July 17, 2023
Dairy producers will have to continue managing their way through low Class III milk prices, ranging between $16.50 and $17 into September, said Ben Buckner, dairy and grains analyst for AgResource Co. Buckner spoke during a recent Professional Dairy Producers Dairy Signal webinar.
“Whether you are talking crude oil, wheat, soybeans, corn or cheese, the global market takes priority over us,” he explained. “It is clear the global cheddar market has not found that price that encourages demand growth, but I do think we are close.”
Buckner said the U.S. market does look very cheap compared to global markets, and he believes the U.S. is positioned for cheese prices to start going up in October when exports of U.S. cheese are expected to rise.
“The U.S. cheddar price is $1.56 per pound in July,” he said. “It was $2.30 a pound one year ago and $2.35 per pound in January.”
A year ago, the U.S. was the dominant exporter of cheese.
Global milk production
“No country in the world was producing more milk than they were the prior year,” Buckner noted. “Ultimately what happened is high prices for milk and cheese encouraged expansion despite high feed costs. I think a lot of the decline in prices has evolved because of the likelihood that things will get better in the next eight to 12 months. That’s up to weather patterns. For now, we don’t have a lot of food stocks globally, so that gives us very changeable markets.”
While milk production in the U.S. has only risen one-half of 1%, global supplies of milk are on the rise.
“Europe is increasing milk production because corn from Ukraine has been cheap during the war, and that is boosting milk production a lot more than we thought,” Buckner said. “The big surprise is Australia, who, for the first time in two years, has been able to grow milk production year over year, and New Zealand has been growing milk production for the past couple months.”
Because there is a surplus of milk globally, Buckner said countries looking to buy dairy products are in the driver’s seat.
“If you are a country or an end user looking for any kind of dairy products, unlike last year, you have competition for supply — you’re not forced to come to the U.S. market,” he said. “It’s been a pretty big shift.”

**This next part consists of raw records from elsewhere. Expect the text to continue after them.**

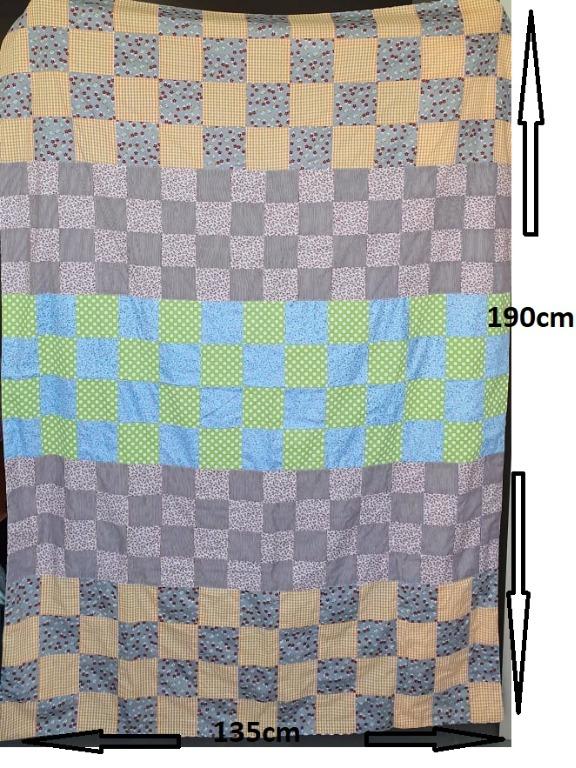 Patchwork Quilt-Pattern nine palaces (Category: Handmade Craft) located in Singapore. Submitted by weiqinembroidery (Listing ID 1011751277, Image 3). Description: Patchwork quilt- pattern nine palaces size 190cm x 135cm.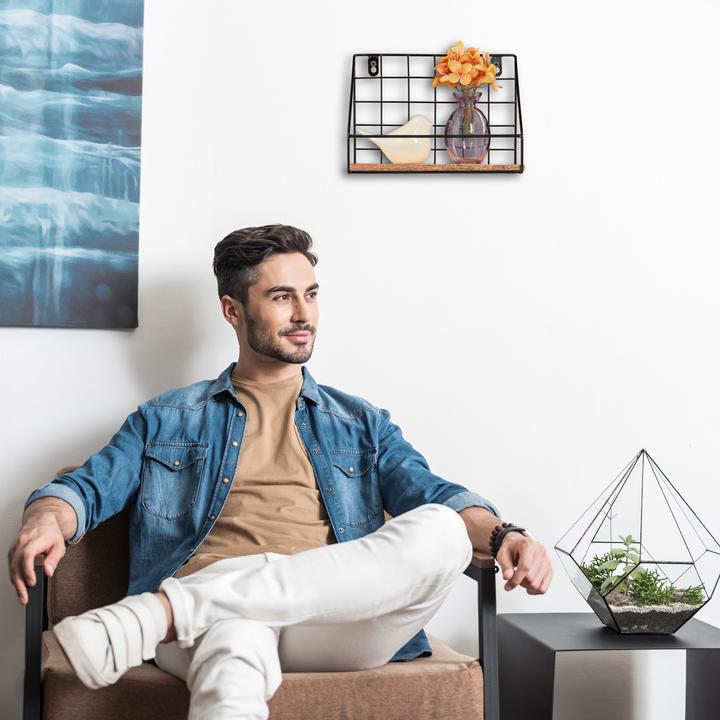 Immagine prodotto Relaxdays Mensola da-parete (25 x 16 x 18 cm)
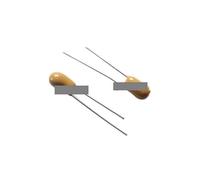 100pcs 35V0.1UF 104L 100NF In-line tantalum capacitor with 2.54MM pin distance ICXLPMC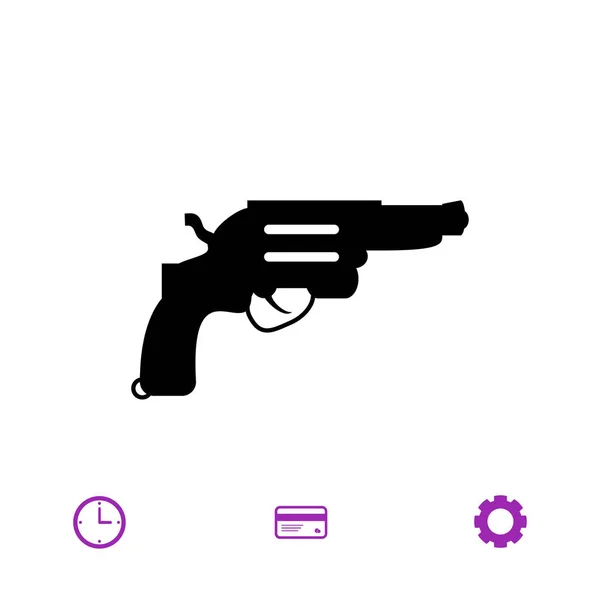 Revolver web icon — Stock Vector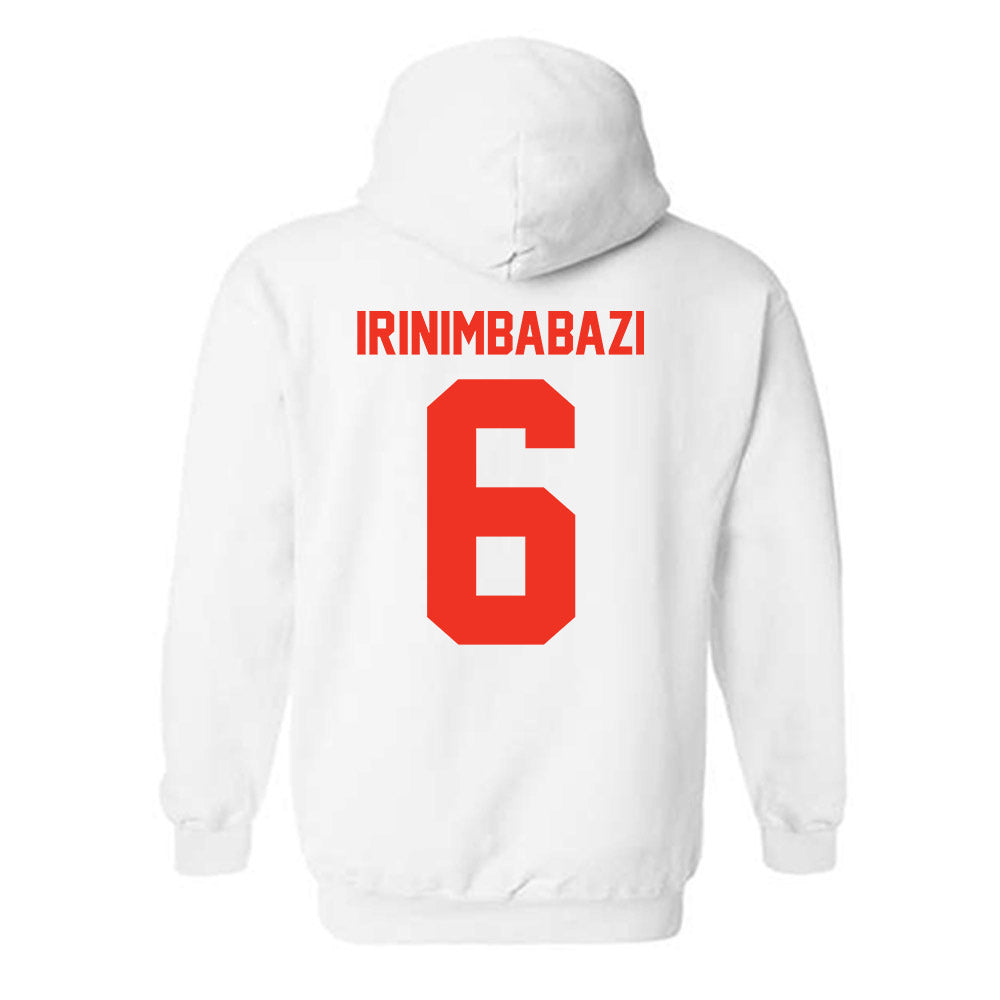 Syracuse - NCAA Men's Soccer : Ivan Irinimbabazi - Classic Shersey Hooded Sweatshirt-1
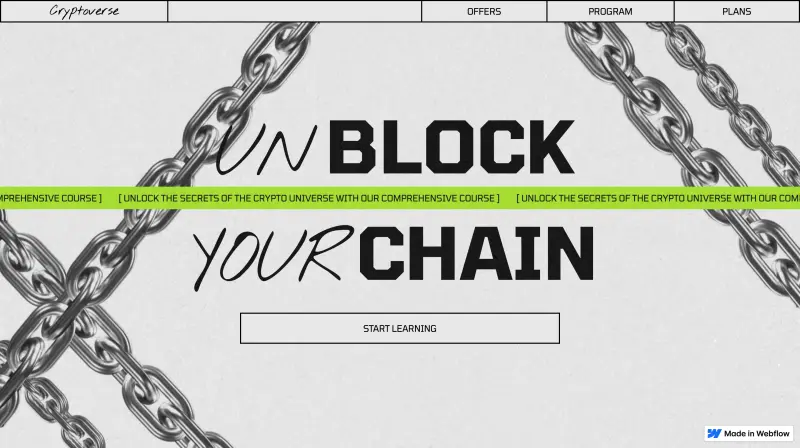 Cryptoverse — скріншот сайту
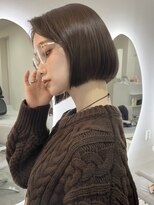 デディトゥ(dedyto)&nbsp;札幌大通レイヤーカットハッシュカット髪質改善韓国ボブ顔周り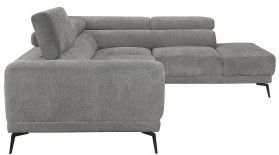 Mazin Furniture Medora 2-Piece Gray Right-Arm Facing Sofa Sectional and Chaise-2
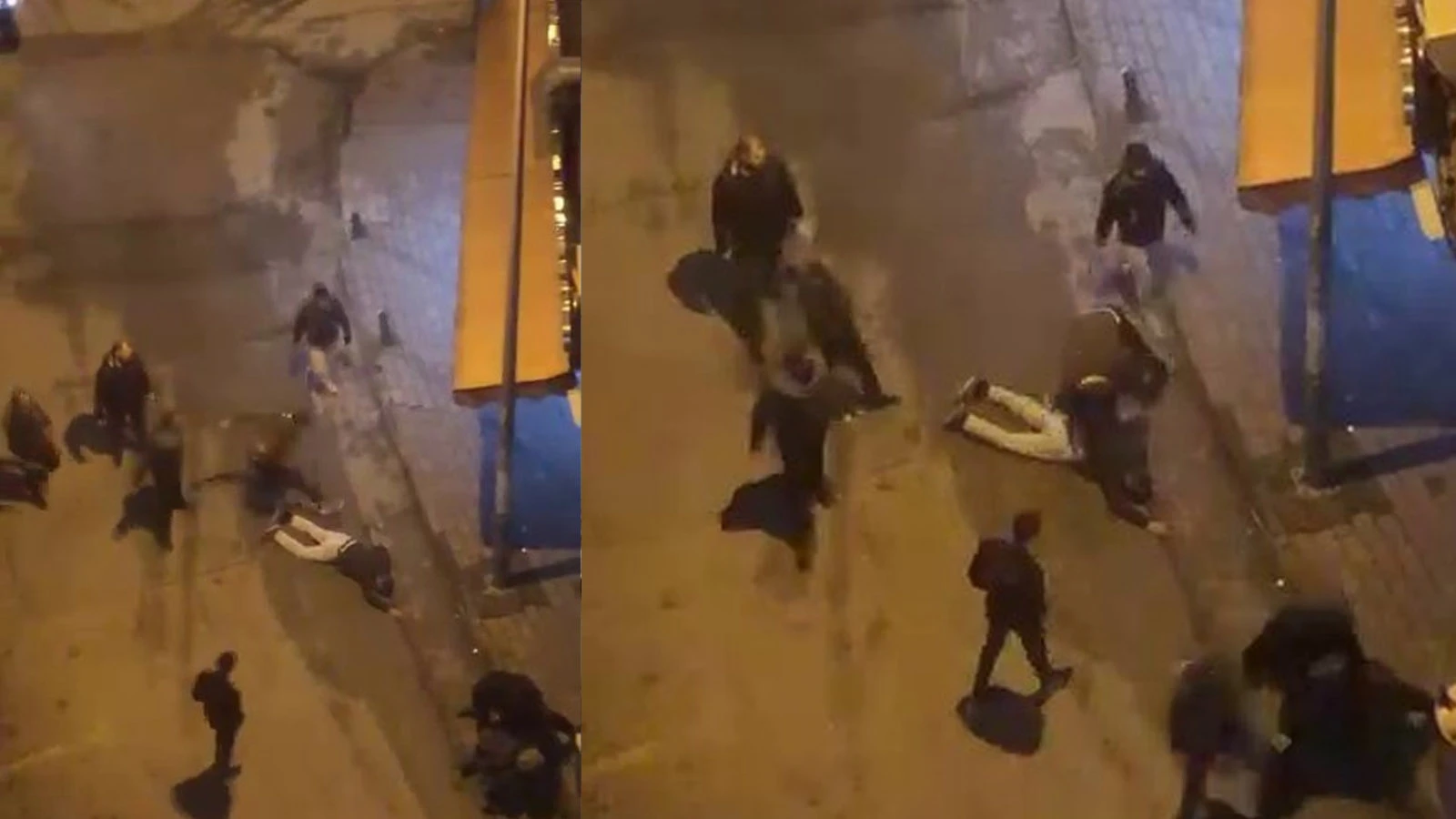 Bursa'da "laf atma" kavgası: Dövülüp yerde tekmelendi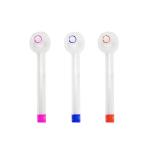 Round Head Clear Inhale Borosilicate Glass Smoke Tube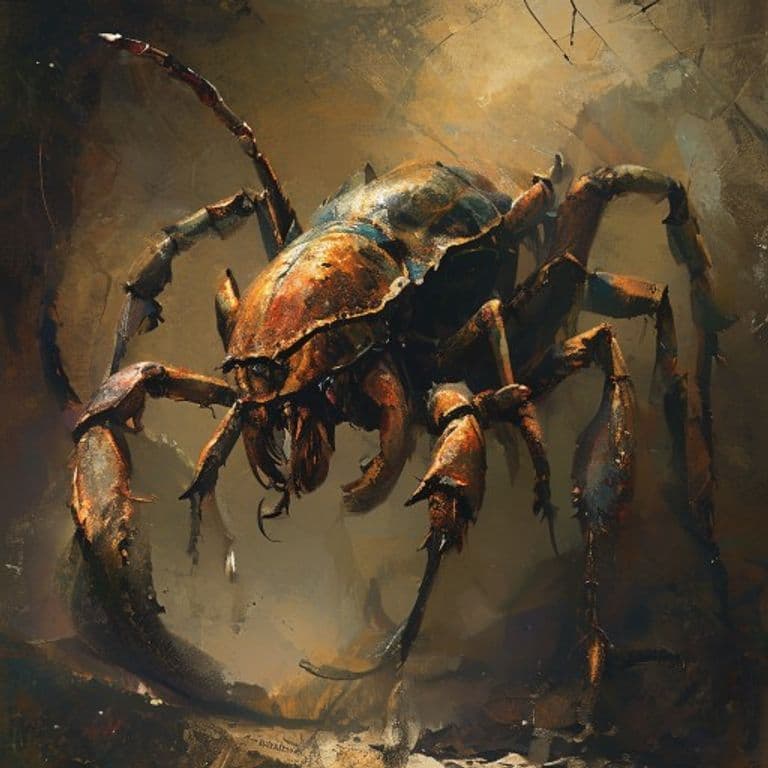Insect, Giant Scorpion — fantasy monster illustration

Buckner thinks rising interest rates have impacted global dairy consumption during the past year. Interest rates in the U.S. rose from 0% to 5% between July 2022 and July 2023.
“In addition to car loans and home mortgages, I suspect higher interest rates are affecting dairy consumption. Restaurant traffic has been steady to lower in the U.S. this summer, and likely some people in the world who put cream in their coffee may not be adding it to their coffee every day,” he said. “I suspect that is affecting consumption.”
Strong beef consumption
“We are seeing very, very high dairy cow slaughter rates,” Buckner said. “We’re likely going to see record beef prices for at least the next six months.”
Buckner believes the dairy cow slaughter could end up 8% to 10% higher than last year. He said dairy farmers will feel added pressure to raise more dairy-beef.
“Clearly the beef market is sending a signal to expand no matter what the cost of feed is or what pasture ratings are,” he explained. “I think dairy cow slaughter will remain high through the end of the year.”